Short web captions
****

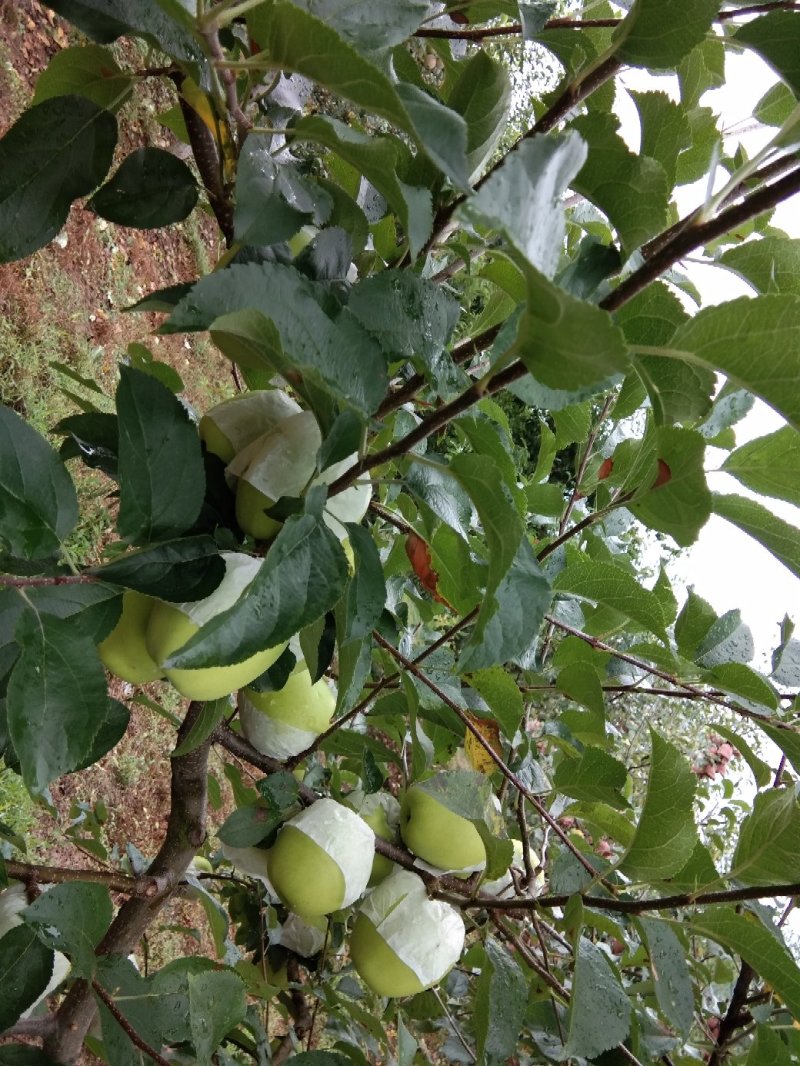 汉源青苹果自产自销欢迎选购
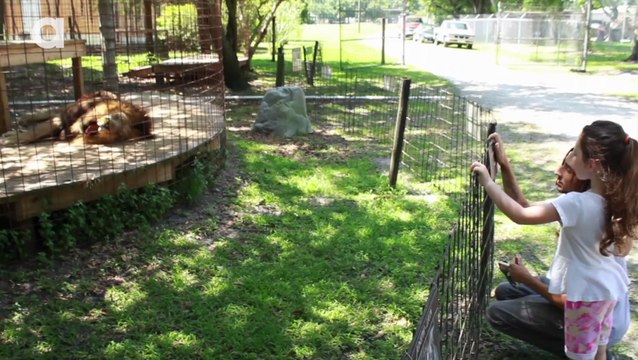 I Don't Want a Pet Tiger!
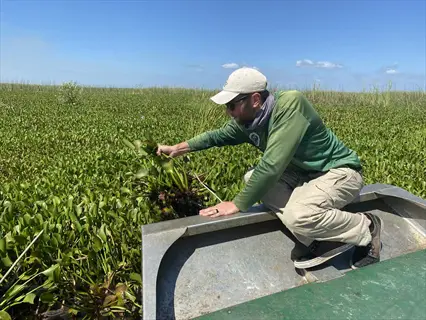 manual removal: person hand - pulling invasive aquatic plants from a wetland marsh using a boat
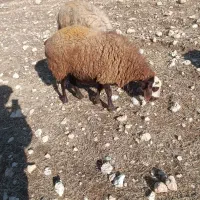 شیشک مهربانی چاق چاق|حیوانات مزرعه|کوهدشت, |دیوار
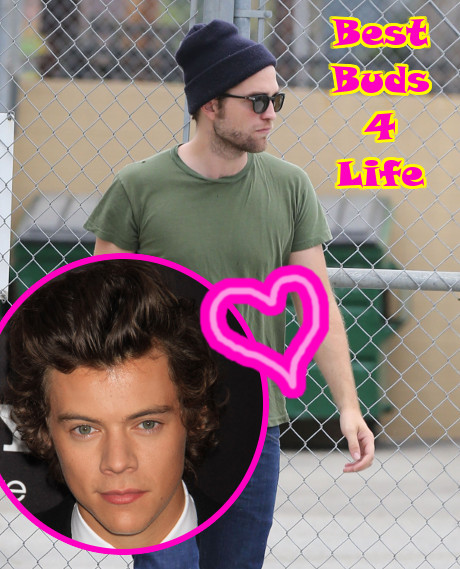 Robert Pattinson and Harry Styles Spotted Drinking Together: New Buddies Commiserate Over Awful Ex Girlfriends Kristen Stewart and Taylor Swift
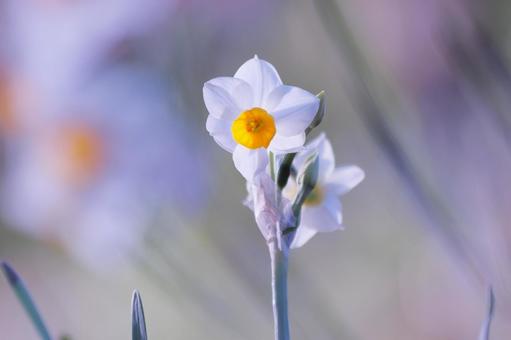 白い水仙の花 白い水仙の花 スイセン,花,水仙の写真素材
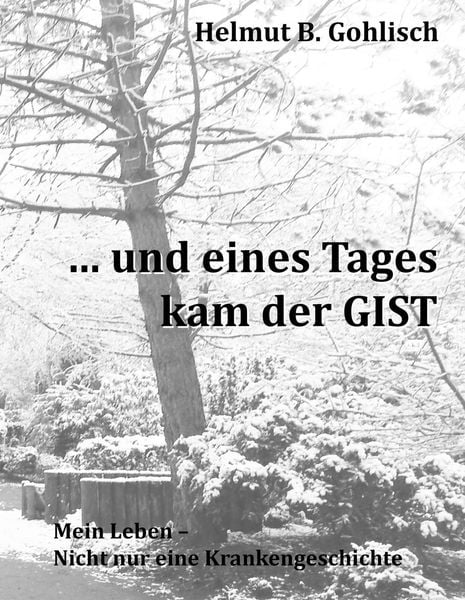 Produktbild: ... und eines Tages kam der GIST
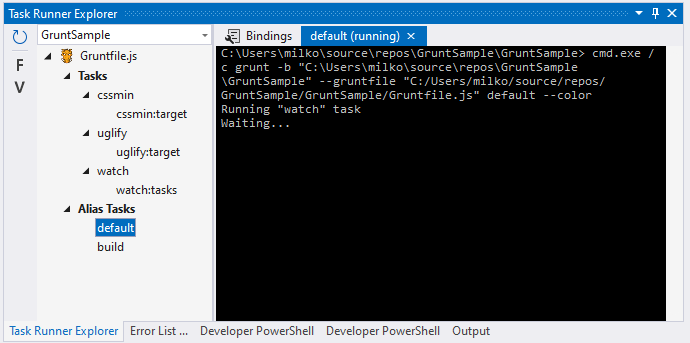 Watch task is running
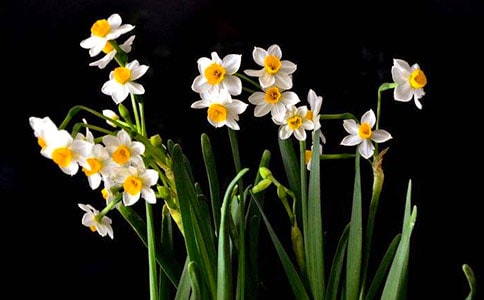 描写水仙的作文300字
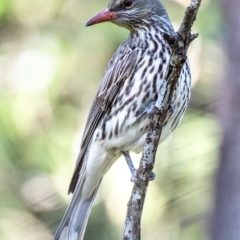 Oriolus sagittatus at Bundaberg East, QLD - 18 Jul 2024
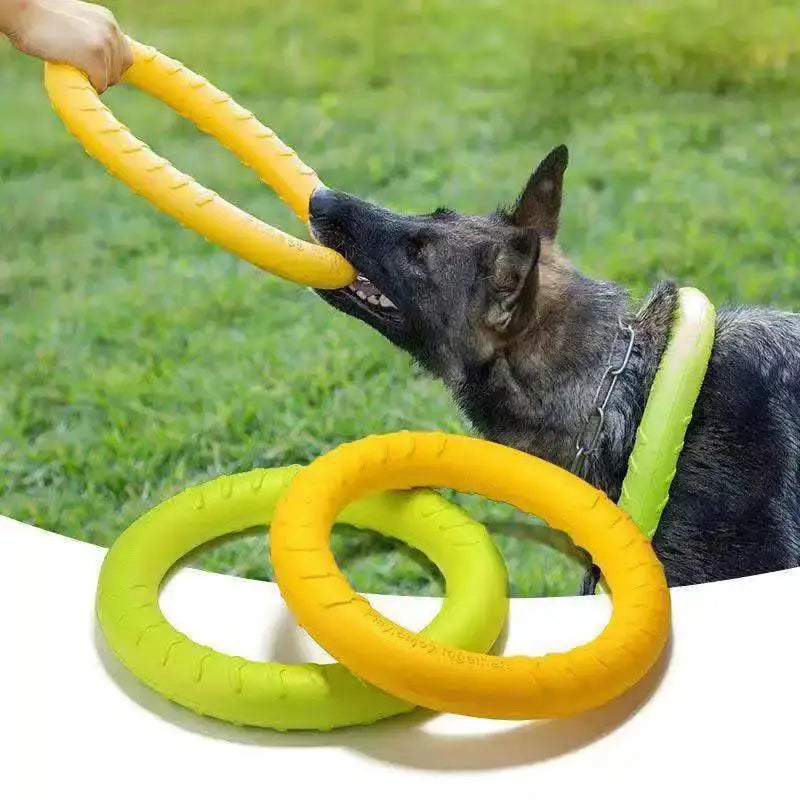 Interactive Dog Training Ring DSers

****

With the pictures dropped, give every entry above again exactly.

 汉源青苹果自产自销欢迎选购
 I Don't Want a Pet Tiger!
 manual removal: person hand - pulling invasive aquatic plants from a wetland marsh using a boat
 شیشک مهربانی چاق چاق|حیوانات مزرعه|کوهدشت, |دیوار
 Robert Pattinson and Harry Styles Spotted Drinking Together: New Buddies Commiserate Over Awful Ex Girlfriends Kristen Stewart and Taylor Swift
 白い水仙の花 白い水仙の花 スイセン,花,水仙の写真素材
 Produktbild: ... und eines Tages kam der GIST
 Watch task is running
 描写水仙的作文300字
 Oriolus sagittatus at Bundaberg East, QLD - 18 Jul 2024
 Interactive Dog Training Ring DSers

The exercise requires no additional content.